Так что хотел Советский Союз, имея в виду Финляндию? «Оттяпать» от неё часть или захватить её полностью? Где они, эти рамки, существование которых продекларировал Молотов?
Быть может, Молотов имел в виду совсем не это. Вот его ответ на первый вопрос Гитлера, касающийся «урегулирования финского вопроса» :
«Всё будет в порядке, если финское правительство откажется от своего двусмысленного отношения к СССР, и если агитация населения против России… будет прекращена» [73; 37].
А вот одно из условий, на которых Советский Союз соглашался принять проект пакта Четырех держав (Германия, СССР, Италия, Япония), предложенный Гитлером во время визита Молотова в Берлин:
«1. Германские войска должны немедленно покинуть Финляндию, входящую в советскую зону влияния, а Советский Союз со своей стороны гарантирует мирные отношения с ней и защиту в этой стране германских экономических интересов» [73; 38].

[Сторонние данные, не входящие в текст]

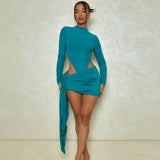 Women Co-Ord Set Sexy Long Sleeve Body-Hugging Suit Skirt Outfit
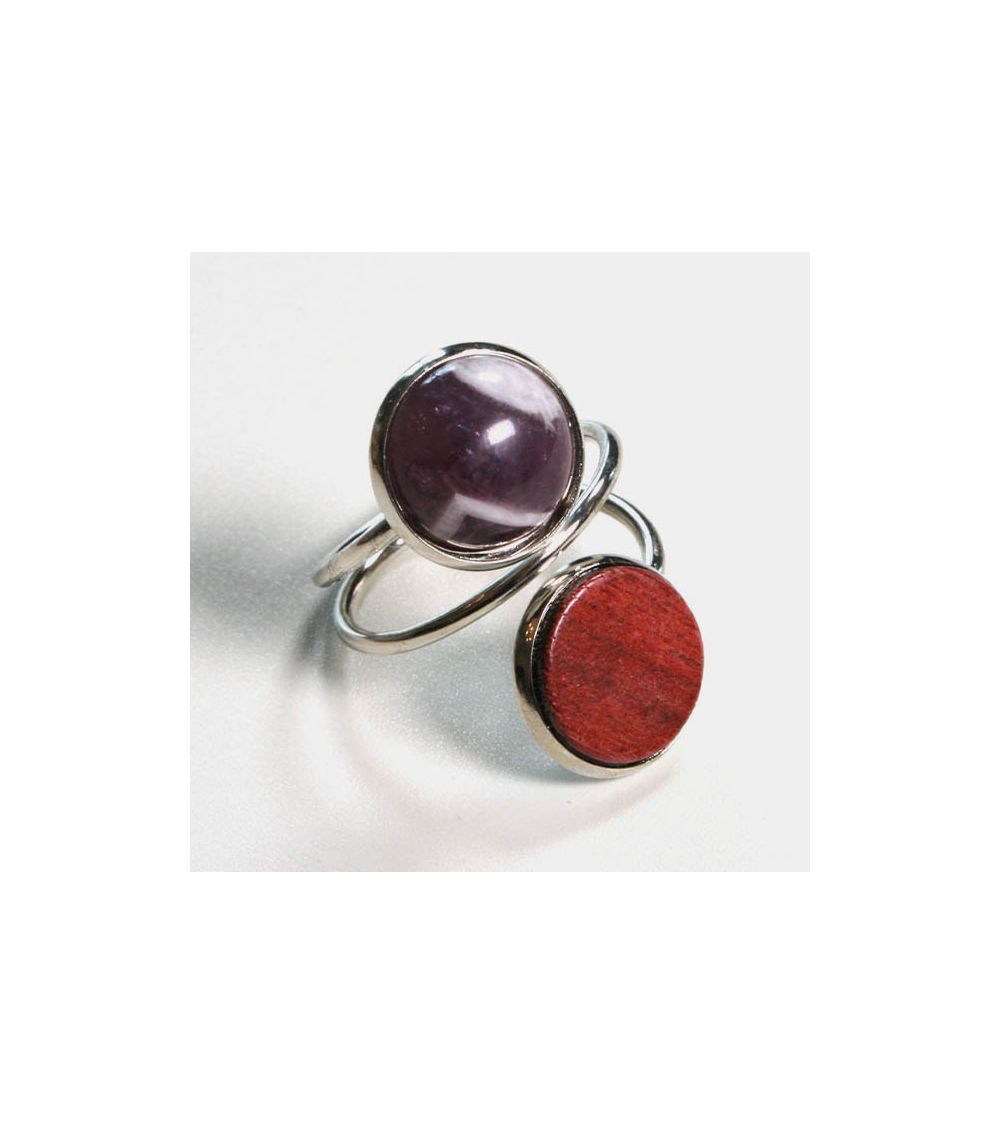 Bague En Bois Avec Perles Pierre Rouge Et Vert - Taille 60 - Couleur Gris Satin - Anneau Fantaisie Femme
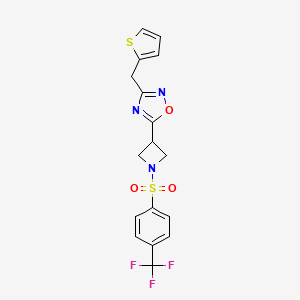 molecular formula C17H14F3N3O3S2 B2394907 3-(Thiophen-2-ylmethyl)-5-(1-((4-(trifluoromethyl)phenyl)sulfonyl)azetidin-3-yl)-1,2,4-oxadiazole CAS No. 1351608-30-4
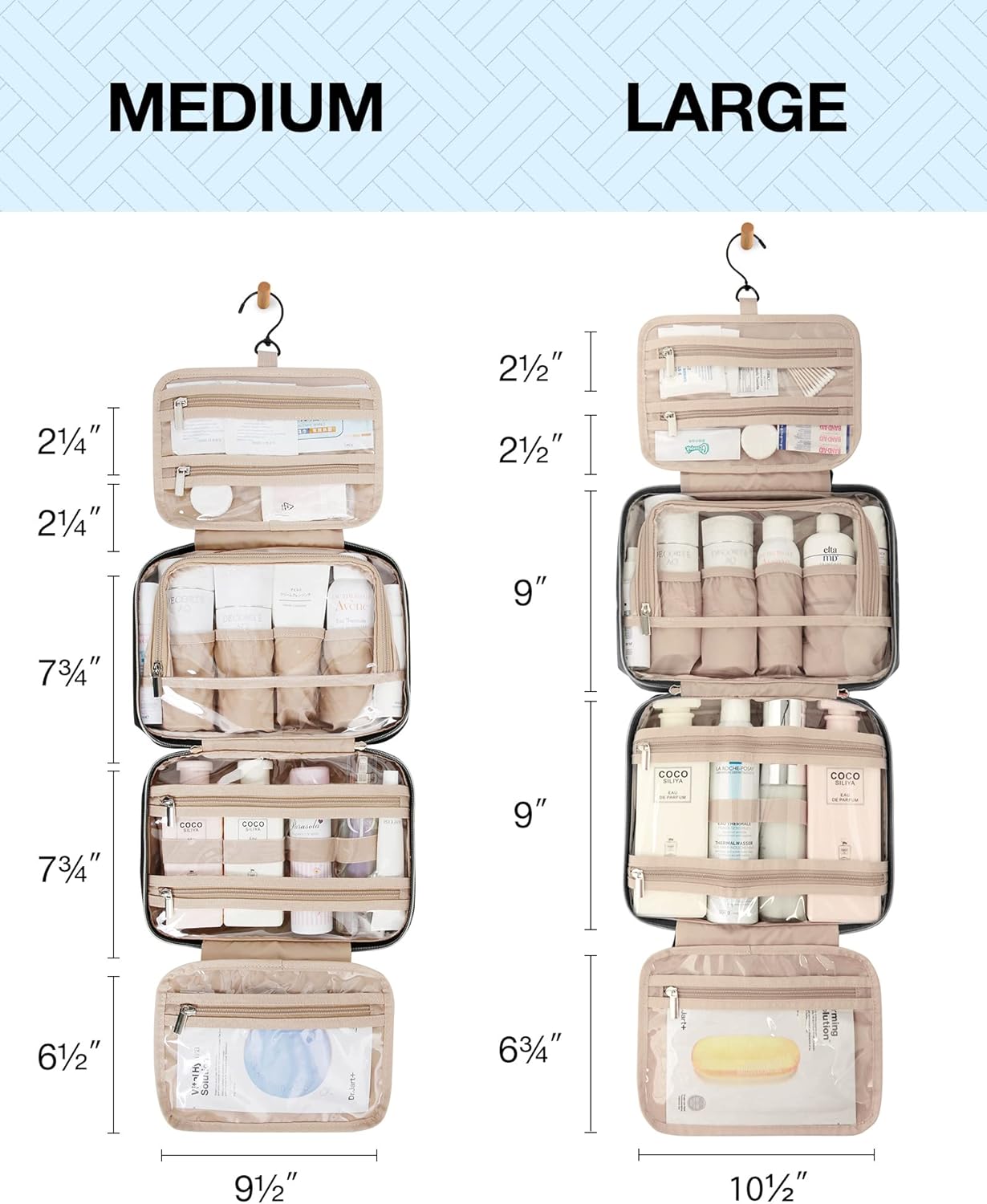 BAGSMART_Toiletry_Bag_Hanging_Travel_Makeup_Organizer_with_TSA_Approved_Transparent_Cosmetic_Bag_Makeup_Bag_for_Full_Sized_Toiletries,_Medium-Black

Положа руку на сердце, можно ли на основании вышеприведенных высказываний Молотова и условий, выдвигаемых советской стороной, говорить о реальных намерениях СССР в отношении Финляндии? С уверенностью можно утверждать одно – СССР хотел видеть в Финляндии дружественное государство, на территории которого не было бы войск ни одной третьей державы (в частности, Германии). Линия, которую СССР вел в отношении Финляндии, начиная с 1944 года, косвенно это подтверждает. Наша страна не захватила Финляндию полностью, не стала насаждать в ней просоветский режим, но постаралась сделать все, чтобы отношения с этой страной носили добрососедский характер.
Зато Гитлер на ноябрьских переговорах с Молотовым в полной мере продемонстрировал, что не потерпит более никаких ущемлений интересов рейха в Финляндии и шире – в Скандинавском регионе. Дискуссию о Финляндии с советским наркоминделом он вел на повышенных тонах, чуть ли не срываясь в истерику. Фюрер заявил, что он не допустит никакой новой войны в районе Балтики, так как эта новая война даст англичанам и повод, и возможность для вмешательства, создаст угрозу поставкам в Германию шведской руды и финского никеля и леса [75; 65], [73; 37]. По мнению Гитлера, «все стратегические требования России были удовлетворены её мирным договором с Финляндией» [73; 37].
В пору задаться вопросом: «Если бы у Гитлера была возможность высказать все эти претензии Советскому Союзу не в ноябре 1940 года, а в октябре-ноябре 1939 г., то упустил бы он такую возможность?» Речь здесь идет, конечно, не о чисто технической возможности (т.е. проведении советско-германских переговоров в тот момент), а о весомости претензий, способности противостоять действиям Советского Союза в данном регионе. Ответ очевиден: если бы мог, фюрер «показал зубы» СССР ещё осенью 1939 года. Но на тот момент, по причинам указанным выше, он сделать это был не в состоянии.